Cure Your Summertime Boredom Blues
Most children and parents can’t wait for summer only to have a few weeks pass before everyone is bored. That’s because families typically stack up activities at the beginning, but don’t have enough to do to keep them occupied the whole summer through. Want to beat the so-called boredom blues? Here’s how.
It’s OK for Children to be Bored
First, let your children know that it’s OK to be bored. They may not like it, but children will learn to exercise their creativity and imagination when they aren’t consumed with activity after activity. Many parents like to have their children look to the outdoors for entertainment.
The weather is perfect for informal science explorations, or a game of wiffle ball. There is more and more research supporting the idea that it’s actually good for children to be bored. So, the next time your child says he/she is bored, remind them of all the times they wished they had downtime to ride a bike, play cards, take pictures, etc.
Identify Skill Areas that Need Improvement
Most parents know that their children need improvement in some aspect of their schooling. During the school year, it’s difficult to have a conversation that isn’t wrapped up in a specific assignment. Summer is the perfect time to review areas of strength and weaknesses more broadly, and to get your children’s perspective.
Once your children understand where they require help, let them tell you what would help them. If they don’t know, have them do some research and try a few different approaches. Maybe workbooks can be more easily tackled than reading textbooks. Or, perhaps note taking helps with retention of materials. Taking the time to do this exploration now will make the upcoming school year that much easier.
Look for Fun Online Lessons
During the summer, it’s pretty common to choose skill building exercises your children enjoy, even if they aren’t as rigorous as their regular school year work. Learning tools that combine entertaining qualities with educational lessons are often great for “digital age” children. And, let’s face it, there are going to be rainy days, or days that are too hot to be outside.
It’s not too hard to find online games that combine video game-like characteristics with a curriculum feel. You’ll just want to make sure that the sites your children are using are safe and legitimate. And, you may want to put time limits on their use – it’s easy to let time get away from them.

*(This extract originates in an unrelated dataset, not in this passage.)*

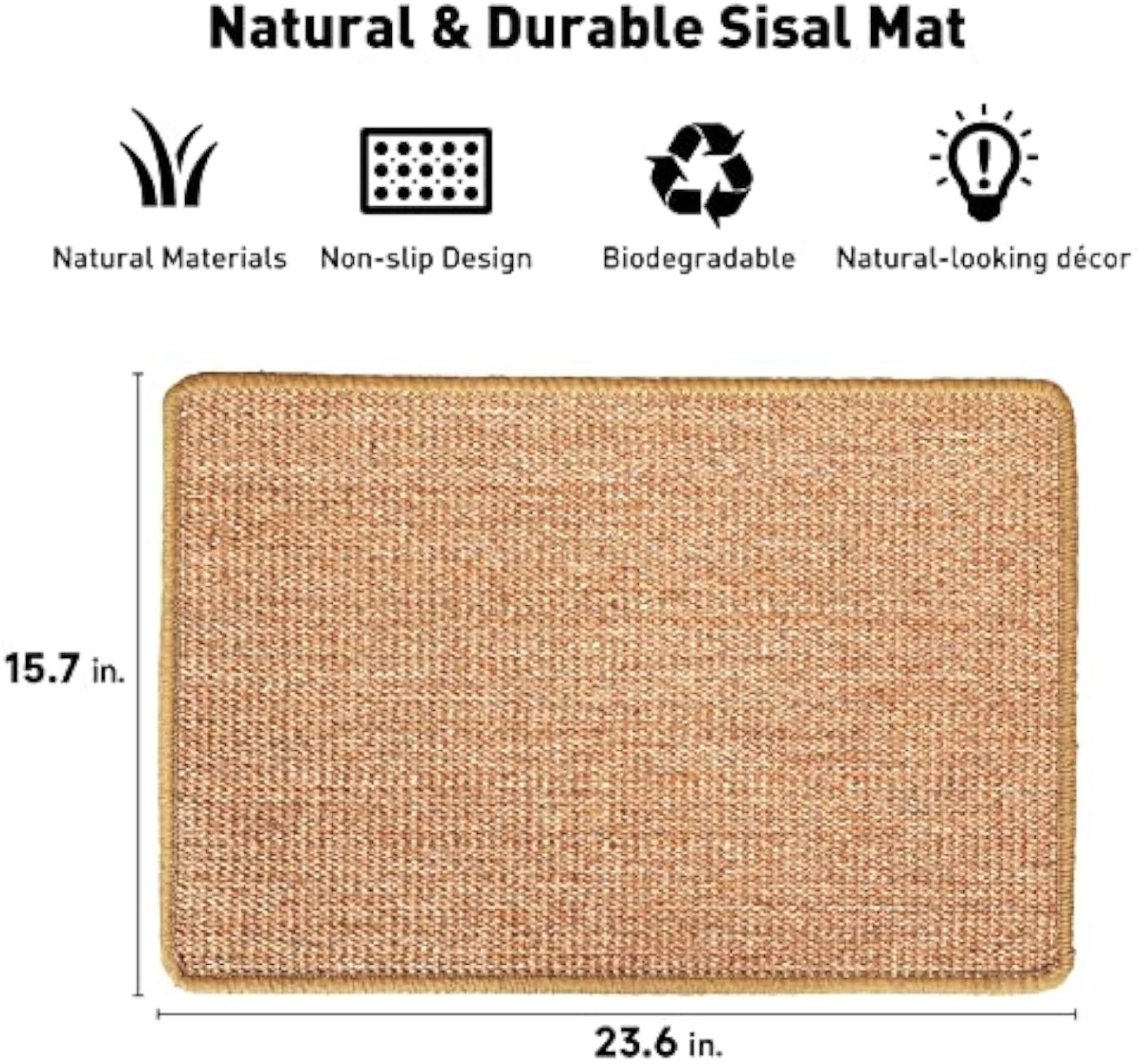 Cat Scratcher Mat 23.6 X 15.7 Inch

Finding your cure for the boredom blues may all be in your perspective. When your children realize that being bored may not be as bad as they initially think, spontaneity and creativity can grow. When you need some structure, use the downtime to review the previous school year. It can help shape skill building activities to occupy your children’s summer days. It’ll also give you a leg up on the next school year. Finally, consider online educational sites to fill in your students skill gaps. It’ll help the days pass more quickly and set your children up for the year ahead.